Tomasz Gorazdowski o pierwszych wrażeniach z Timoru Wschodniego (Zapraszamy do Trójki - ranek)
Trójka|Zapraszamy do Trójki - ranek
Ida, rua, tou czyli raz, dwa, trzy, zaczynamy. Oto Timor Wschodni
2017-01-24, 09:01 | aktualizacja 2017-01-24, 20:01
Może nie wszyscy zrozumieli, ale tak, tak… - Kierunek Bhutan i tak dalej - mówił prawie po polsku przewodnik z Dili Rayan. Przenieśmy się na rajski chwilami Timor.
Posłuchaj
Dodaj do playlisty
Po długiej podroży z Polski - bo to dla nas prawie koniec świata - w końcu jestem. Pogoda, jak to w tych okolicach o tej porze roku. Gorąco, parno i chwilami pada deszcz, a chwilami świeci słońce.

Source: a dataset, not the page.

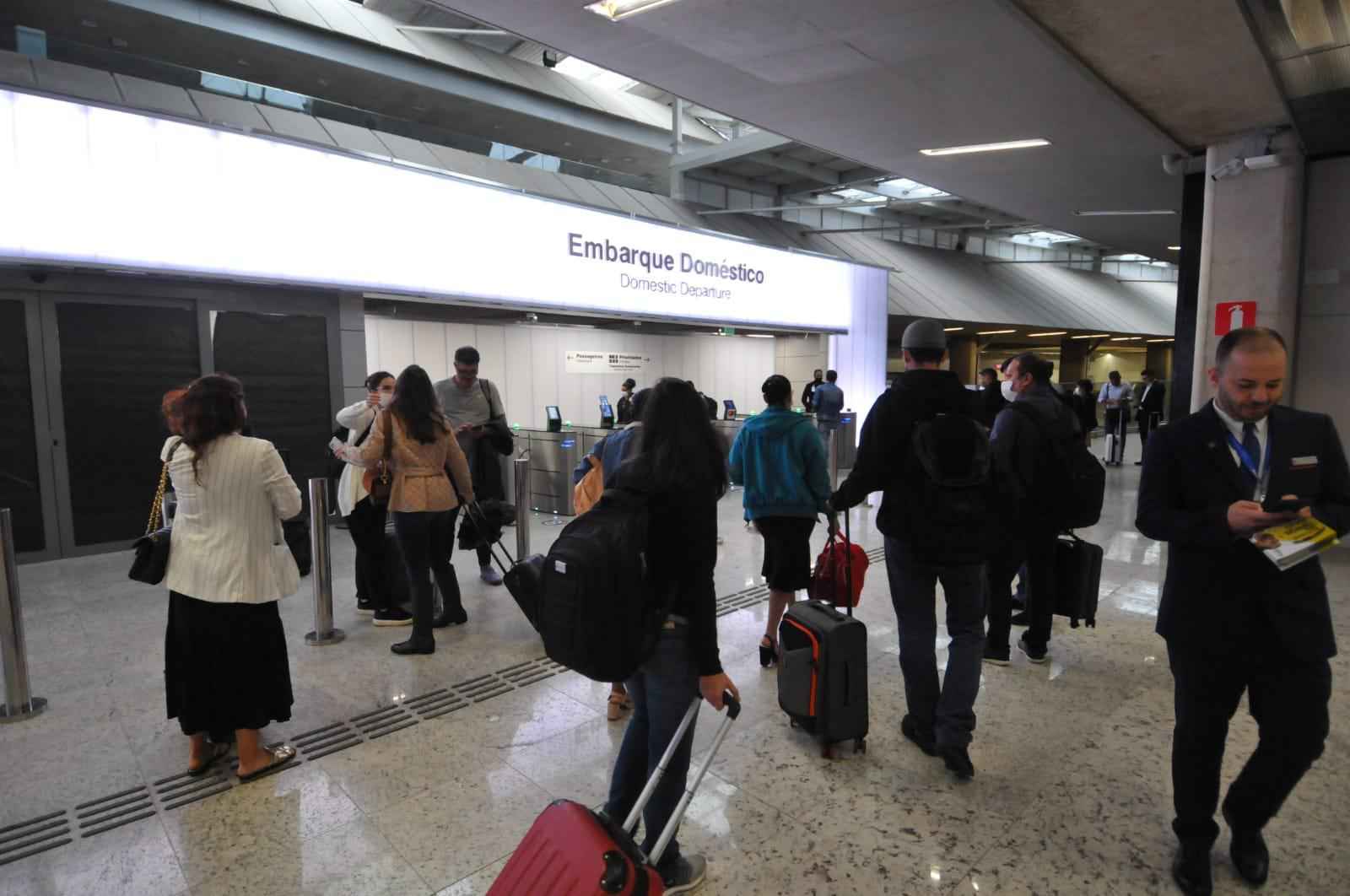 Greve dos aeronautas vai continuar até avanço nas negociações - Gladyston Rodrigues/EM/D.A Press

Kiedy wpiszemy w wyszukiwarkę Timor Wschodni w pierwszej kolejności możemy przeczytać, że to biedy kraj wschodniej Azji, w ostatnich kilkudziesięciu latach przechodzący przez piekło wojny, który w końcu doczekał się niepodległości oraz kraj, który pod pewnymi względami turystycznymi jest perełką na skalę światową. Zaraz po przyjeździe o wielu rzeczach można się przekonać, choć nie o wszystkich od razu.
Na samiutkim początku jedna niespodzianka. Miła niespodzianka. Po odstaniu godziny w zupełnie niedużej kolejce po wizę okazało się, że pan celnik poszukał na liście, postukał palcem i powiedział - Polandia free - a przygotowany byłem, jak reszta kolejki, na wydobycie 30 dolarów. Już nawet w paszporcie były.

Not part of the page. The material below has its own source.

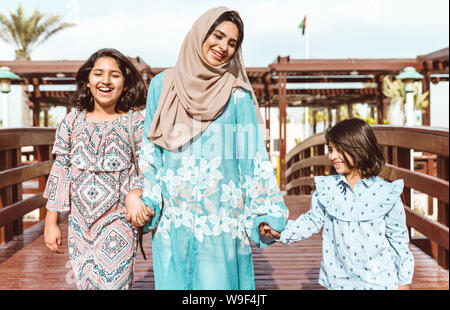 Mutter und Töchter Zeit im Park, in Dubai Stockfoto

Druga miła, to że na oficjalnej ulotce wręczanej przy wjedzie można przeczytać, że znajduje się w Dili kilka ambasad, a w tym polski konsulat honorowy. No kto by się spodziewał tutaj. Nic z tego nie wynika, telefonu nikt nie odbiera, ale zawsze.

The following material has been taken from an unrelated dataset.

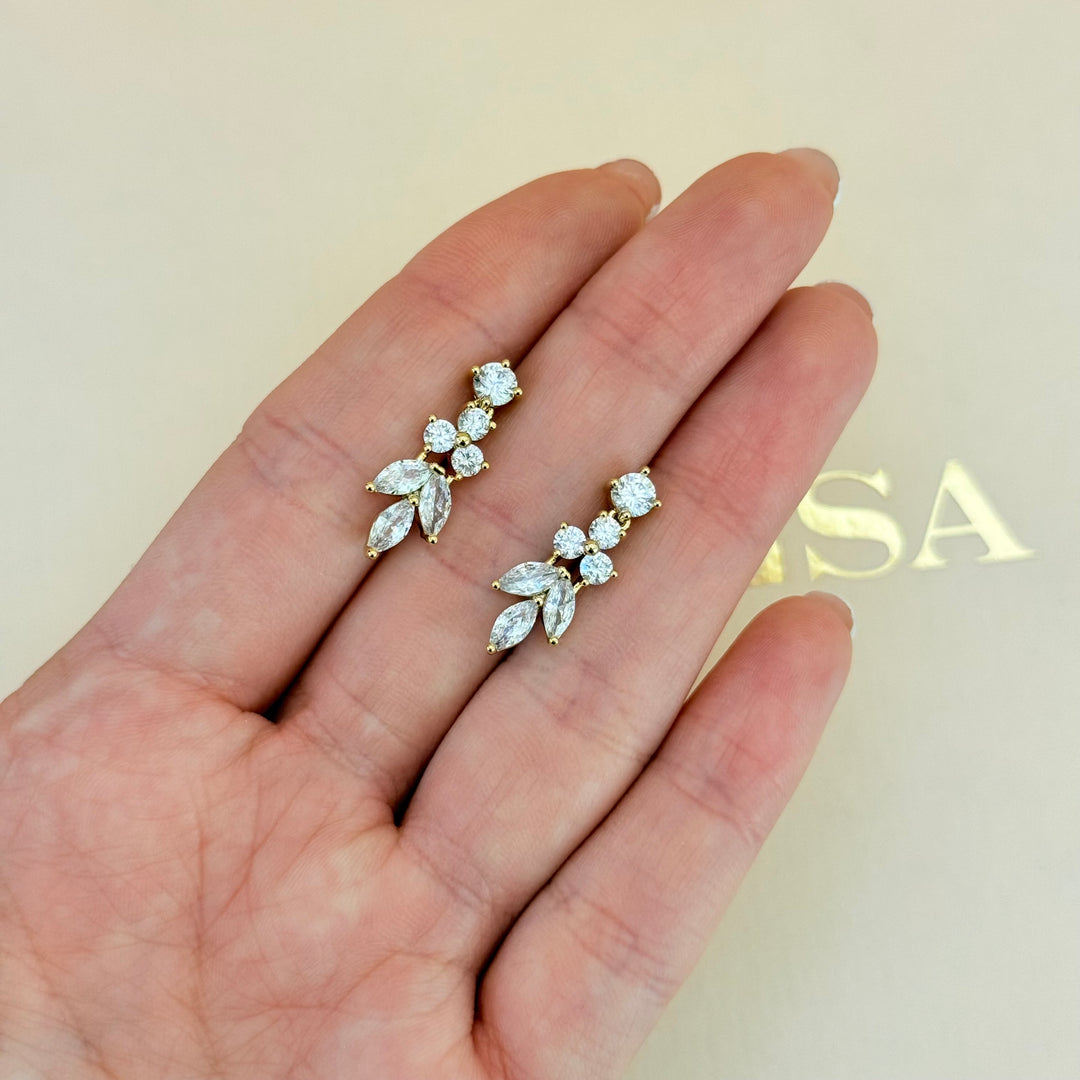 Round and marquise zircone gold plated set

Turystyczna zapowiedz brzmi jak wyprawa do raju, prawda? Nie do końca jednak tak jest, bo w raju nie ma wojny, nie ma więzień. Teraz w Timorze też już nie ma, ale stało się tak dopiero w ostatnich latach. Historia tego miejsca nie była łatwa, ale o tym, innym razem.
Tomasz Gorazdowski Timor Wschodni to kraj bez żadnych zabytków, a jednak jest coś, co zaczyna przyciągać turystów. Przyroda, której jeszcze człowiek nie zdołał zepsuć.
Najważniejsza jest dziewicza przyroda. Ale chyba już niedługo tak będzie, bo szczególnie w Azji, jak na czymś można zarabiać, to robi się to bez opamiętania. Wystarczy spojrzeć na wiele miejsc w Tajlandii, Koh Samui, Pattaya, w Malezji. I należy pamiętać, że Timor to bardzo biedny kraj, wiec pokusa szybkiego zarobku jest jeszcze większa. Na rządowe regulacje trudno liczyć. Faktycznie nie łowi się tu z dynamitem, turystów jest jeszcze niewielu. Ponieważ dziś ma być nie za ciekawa pogoda, szkoda wybierać się na inna wyspę perełkę Ataturo, tę zostawię na jutro, a dziś ruszam na motocyklu w głąb wyspy. Tam jest inaczej niż w mieście. W końcu Timor Wschodni jest w pierwszej dziesiątce najbardziej odizolowanych krajów na świecie. A połączeń lotniczych do innych krajów ma najmniej.